Even now, reaching a real precipice of transition, it’s hard to match with people who also identify as lesbian. I’m a big girl, I didn’t start hormones until I was 34 years old. Despite all the beautification I’ve done, with my voice and the equipment I have down below, there are a very limited number of lesbians who are interested in me.
Most people who are into me are bisexual. And it works in their head because they think. Hey, this is perfect! A girl in the streets and a boy in the sheets.
But yeah, no.
I’m looking for an even rarer breed. That sees me as a woman. And syncs up with the full diaspora of things I like to do in the bedroom.
To say the search has been challenging is an understatement.
The people I’m into, by and large, have no interest in those things I‘d traditionally been so ashamed of.
Even in this newfound portion of my life, where opportunity abounds to explore and try all the things, to finally experience what’s been repressed for so long — there’s nobody to do it with.
Lots of men interested. But I’ve always been into women exclusively. Only since transitioning, and feeling myself a woman from the inside out, have I begun to find any kind of openness to exploring the possibility of being with a man.
Take It Where You Can Get It?
Going round and round with romantic interests, casual to serious, yet never getting to experience sex the way I’d imagined it best. Almost always to feel thrust into a more traditionally masculine role in the bedroom.
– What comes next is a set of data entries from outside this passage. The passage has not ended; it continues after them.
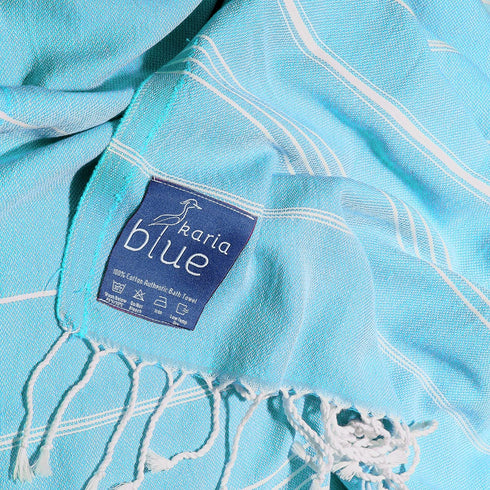 Karia Blue - Turkish Beach Towel (38 x 66) - 100% Cotton - Easy Dry Bath Towels - Authentic Turkish Towels - Vibrant Colors - Highly Absorbent - Extra Soft Touch - Prewashed€¦ (Troioan Blue)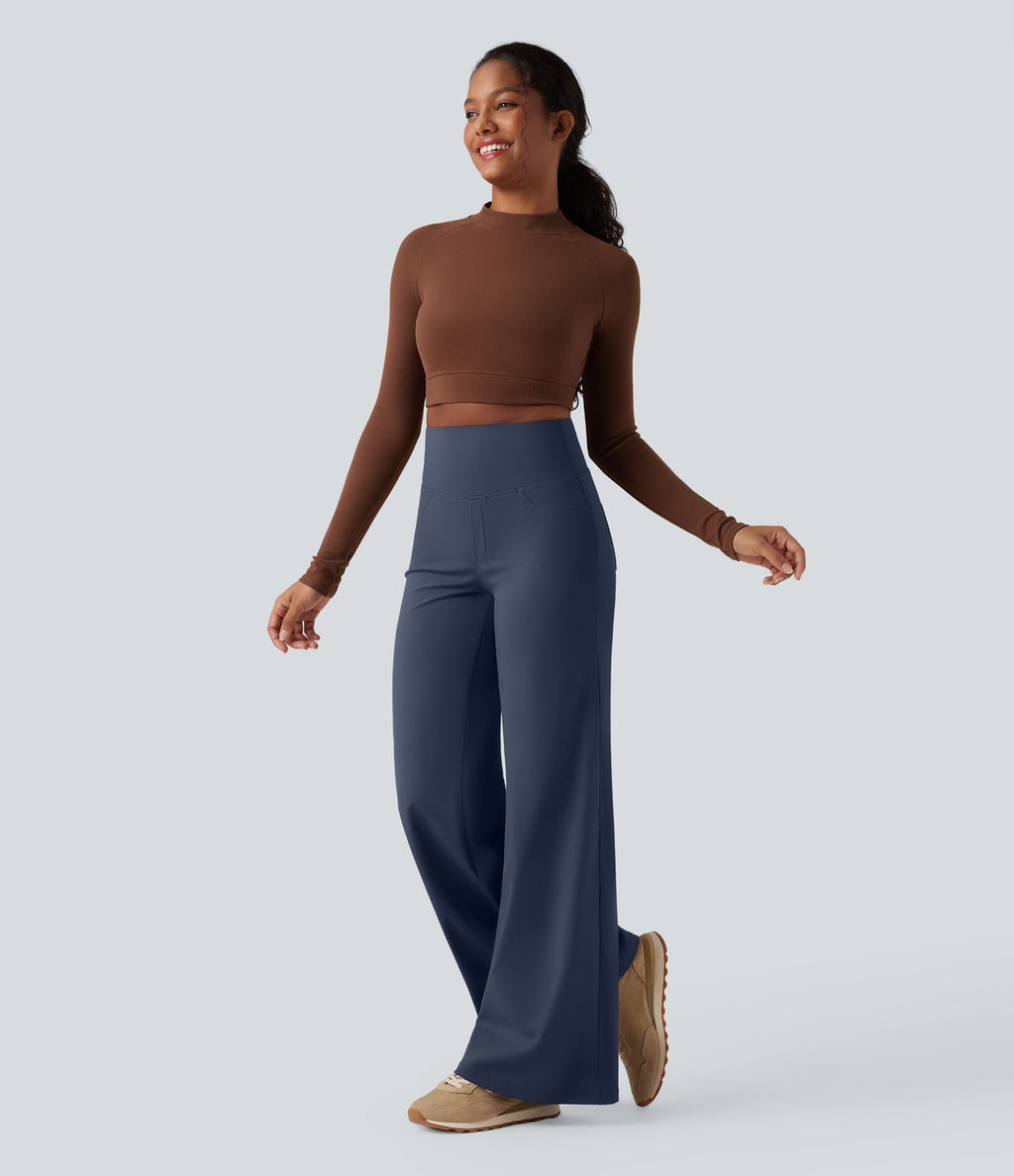 Pantalon yoga large gainant taille haute DayStretch avec poches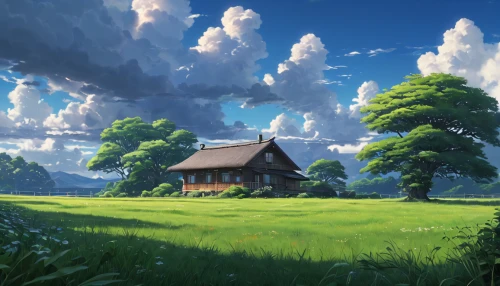 studio ghibli,home landscape,landscape background,meadow landscape,ghibli,lonely house,house in the forest,little house,summer cottage,rural landscape,countryside,fantasy landscape,dreamhouse,cartoon video game background,roof landscape,windows wallpaper,wooden hut,wooden house,clannad,sylvania,Photography,General,Natural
Having only once found genuinely synchronous vibes, but still never truly in the form my heart most desired. Simultaneously, grappling with this newfound bisexual curiosity. I broke.
Well shit. I’m going to get mine.
This happened in the middle of the Summer last year. While I was in the thrust of a chaotic, heartbreaking, tease of a “relationship” with an alcoholic. A lesbian who talked a very big game about delivering to me experiences so sought. Who is still too chicken-shit, because of their own internalized transphobia, to climb out of the bottle and face the fact that they are more into trans women than perhaps anyone I’ve ever met. Deep down, they are a trans man, almost certainly. Someone’s identity is theirs and theirs alone to define. Still, many times, they’ve told me in plain. The masculine inverse of words I would have heard from my own mouth years ago, if I’d ever had a trans friend to confide in.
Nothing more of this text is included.